== What is needed ==
Please restate word for word the lines of the entries below from the one with "Set di 2 sgabelli" to the one with "Студия квартира, вторичка, 24м2, 6/8 этаж", inclusive, and leave out every picture.

━━━ Source material ━━━

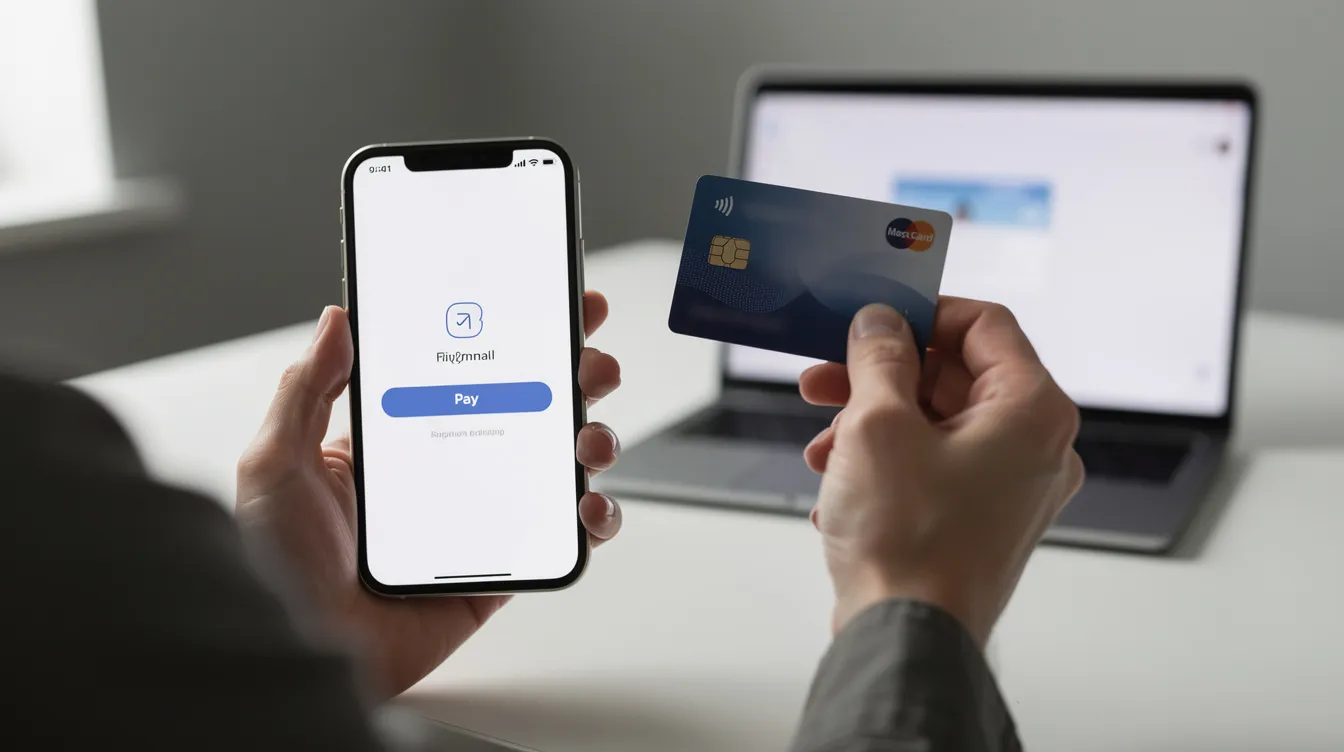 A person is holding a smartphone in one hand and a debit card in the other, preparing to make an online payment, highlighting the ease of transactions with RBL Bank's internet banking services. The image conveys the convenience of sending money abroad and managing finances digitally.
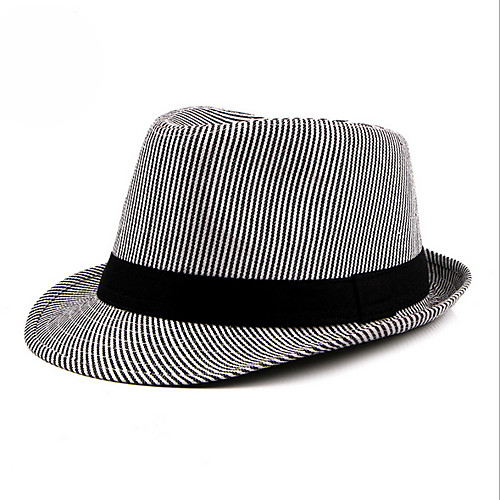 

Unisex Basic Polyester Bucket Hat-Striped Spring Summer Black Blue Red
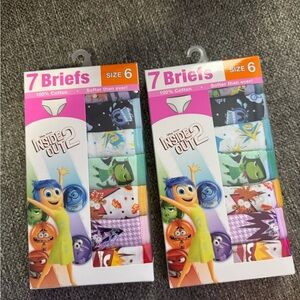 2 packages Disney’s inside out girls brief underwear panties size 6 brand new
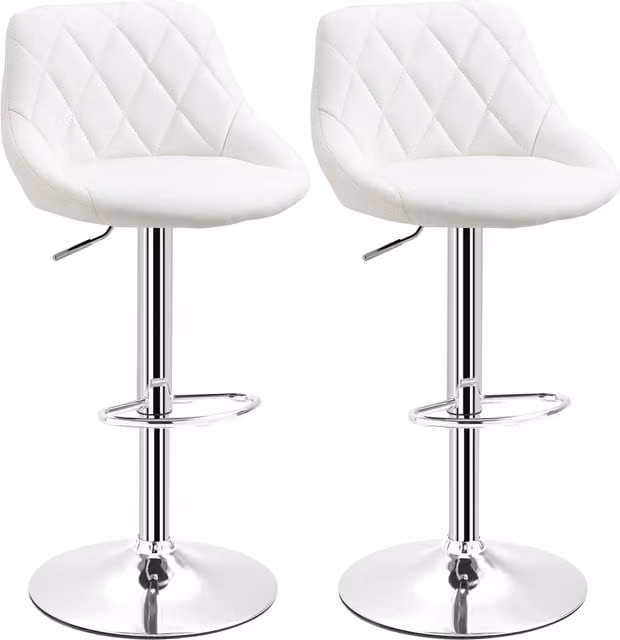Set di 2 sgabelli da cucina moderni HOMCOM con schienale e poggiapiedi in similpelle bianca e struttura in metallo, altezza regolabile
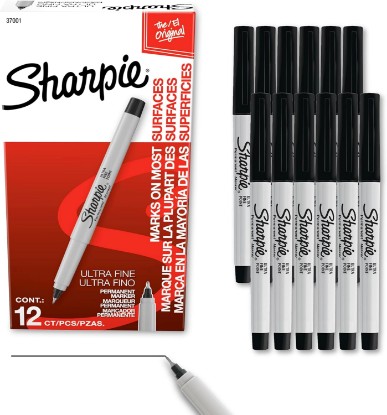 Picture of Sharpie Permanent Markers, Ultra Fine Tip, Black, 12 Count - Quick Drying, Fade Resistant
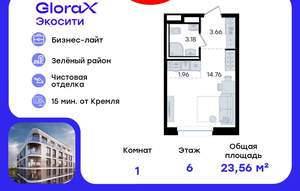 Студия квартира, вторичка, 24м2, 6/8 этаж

━━━
━━━ Source material ━━━

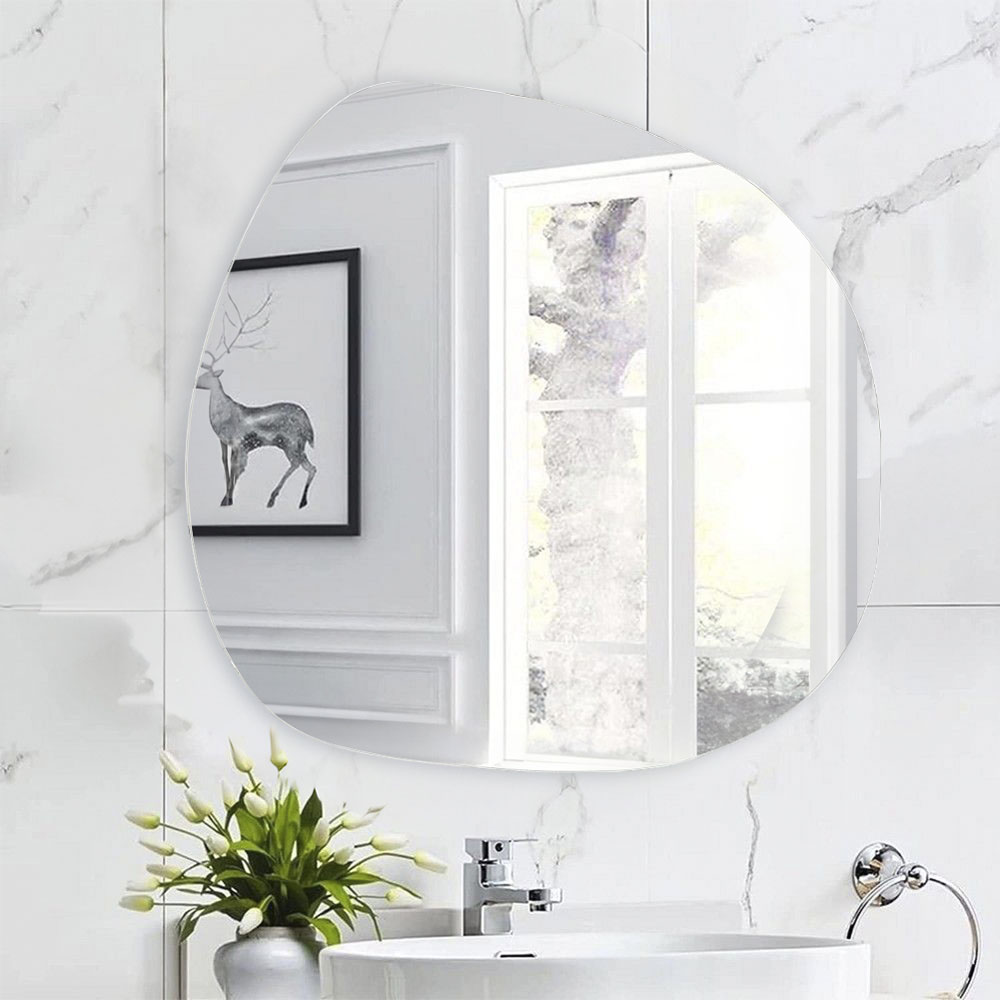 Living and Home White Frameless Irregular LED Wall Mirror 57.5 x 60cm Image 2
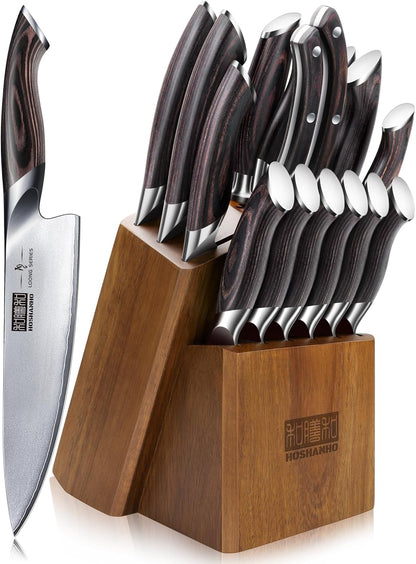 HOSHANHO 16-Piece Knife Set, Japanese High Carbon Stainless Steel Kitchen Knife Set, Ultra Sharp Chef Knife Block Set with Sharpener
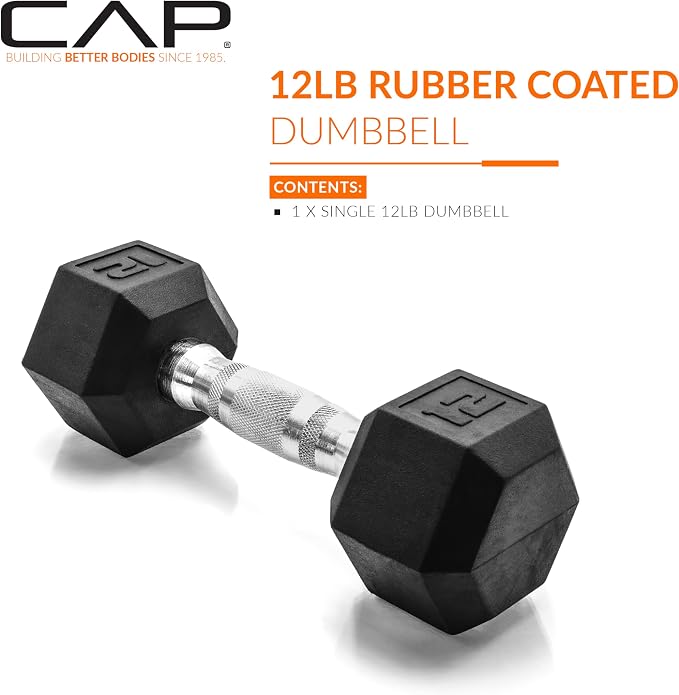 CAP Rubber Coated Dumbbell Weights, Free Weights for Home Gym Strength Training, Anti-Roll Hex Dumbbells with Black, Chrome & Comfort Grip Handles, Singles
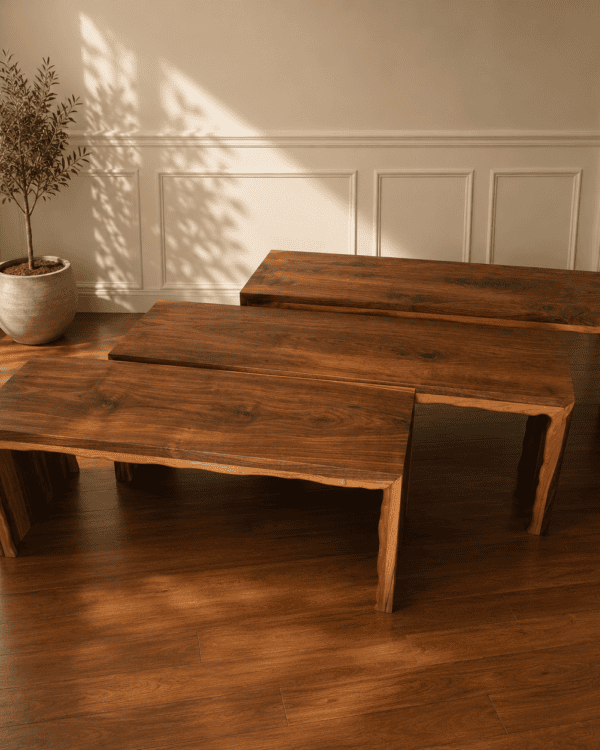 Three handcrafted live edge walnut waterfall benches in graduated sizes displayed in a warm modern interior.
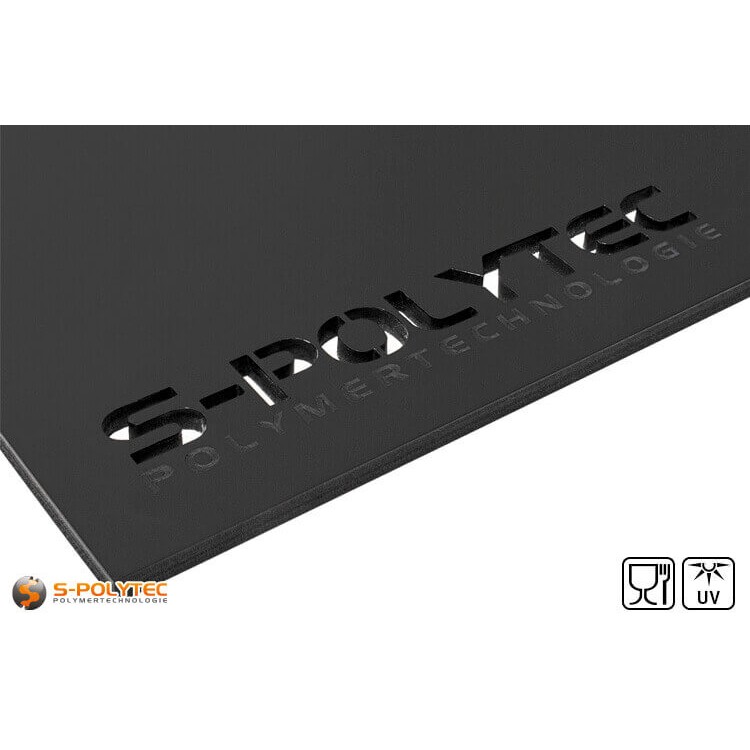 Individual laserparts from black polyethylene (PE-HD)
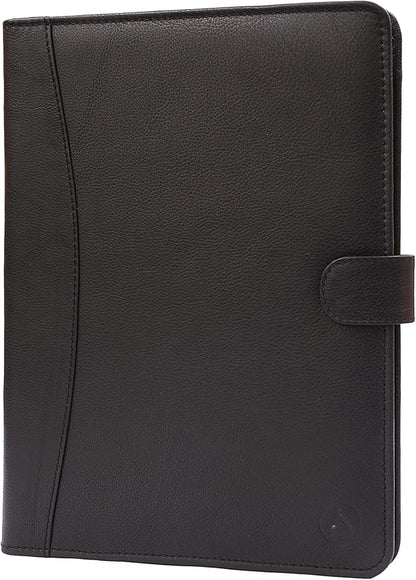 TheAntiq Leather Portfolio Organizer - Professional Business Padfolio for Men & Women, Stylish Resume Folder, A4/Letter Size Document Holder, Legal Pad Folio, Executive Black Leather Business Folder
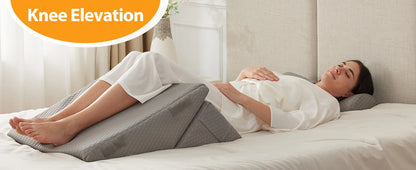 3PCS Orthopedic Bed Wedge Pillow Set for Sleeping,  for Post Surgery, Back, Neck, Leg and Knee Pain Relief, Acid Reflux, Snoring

━━━

== Answer box ==
Set di 2 sgabelli da cucina moderni HOMCOM con schienale e poggiapiedi in similpelle bianca e struttura in metallo, altezza regolabile
 Picture of Sharpie Permanent Markers, Ultra Fine Tip, Black, 12 Count - Quick Drying, Fade Resistant
 Студия квартира, вторичка, 24м2, 6/8 этаж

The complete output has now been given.